Marine shales exhibit unusual behavior at low temperatures under anoxic gas flow. They generate catalytic gas 300° below thermal cracking temperatures, discontinuously in aperiodic episodes, and lose these properties on exposure to trace amounts of oxygen. Here we report a surprising reversal in hydrocarbon generation. Heavy hydrocarbons are formed before light hydrocarbons resulting in wet gas at the onset of generation grading to dryer gas over time. The effect is moderate under gas flow and substantial in closed reactions. In sequential closed reactions at 100°C, gas from a Cretaceous Mowry shale progresses from predominately heavy hydrocarbons (66% C5, 2% C1) to predominantly light hydrocarbons (56% C1, 8% C5), the opposite of that expected from desorption of preexisting hydrocarbons. Differences in catalyst substrate composition explain these dynamics. Gas flow should carry heavier hydrocarbons to catalytic sites, in contrast to static conditions where catalytic sites are limited to in-place hydrocarbons. In-place hydrocarbons and their products should become lighter with conversion thus generating lighter hydrocarbon over time, consistent with our experimental results.

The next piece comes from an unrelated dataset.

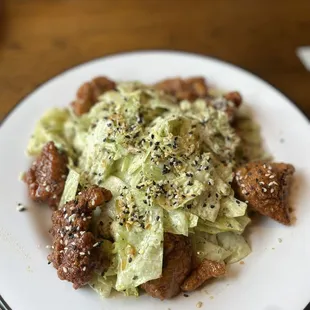 Wedge salad. Make sure you ask for dressing on the side. Mine came drenched in dressing.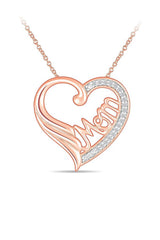 Mom Heart Angel Wing Pendant Necklace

We recognize the similarities between low-temperature gas generation reported here and the natural progression of wet gas to dry gas over geologic time. There is now substantial evidence for natural catalytic activity in source rocks. Natural gas at thermodynamic equilibrium and the results reported here add to that evidence. Natural catalysis provides a plausible and unique explanation for the origin and evolution of gas in sedimentary basins.


Marine shales release gas under isotherm gas flow at low-temperatures [1]. Gas is released discontinuously, in distinct aperiodic episodes that continue over time. It is nonlinear kinetic behavior resembling chaotic catalysis by transition metals [2]. Trace levels of oxygen suppress gas emission, and gas compositions reflect equilibrium control. The recent disclosure of natural gas at thermodynamic equilibrium and catalytic gas from marine shales similarly constrained, strongly suggests natural catalysis as the source of natural gas [3].

The origin of natural gas remains controversial, however. Many believe that thermal cracking is the source and cite various pyrolysis simulation experiments to support this view [414]. Recent hydrous pyrolysis experiments would seem to rule out natural catalytic activity in general [15], and activity by transition metals [16] in particular. This conclusion was based on the premise that any natural catalytic activity that might exist would express itself under hydrous pyrolysis conditions. However, natural activity is a low-temperature phenomenon that is not observed at pyrolysis temperatures (> 300°C) [1].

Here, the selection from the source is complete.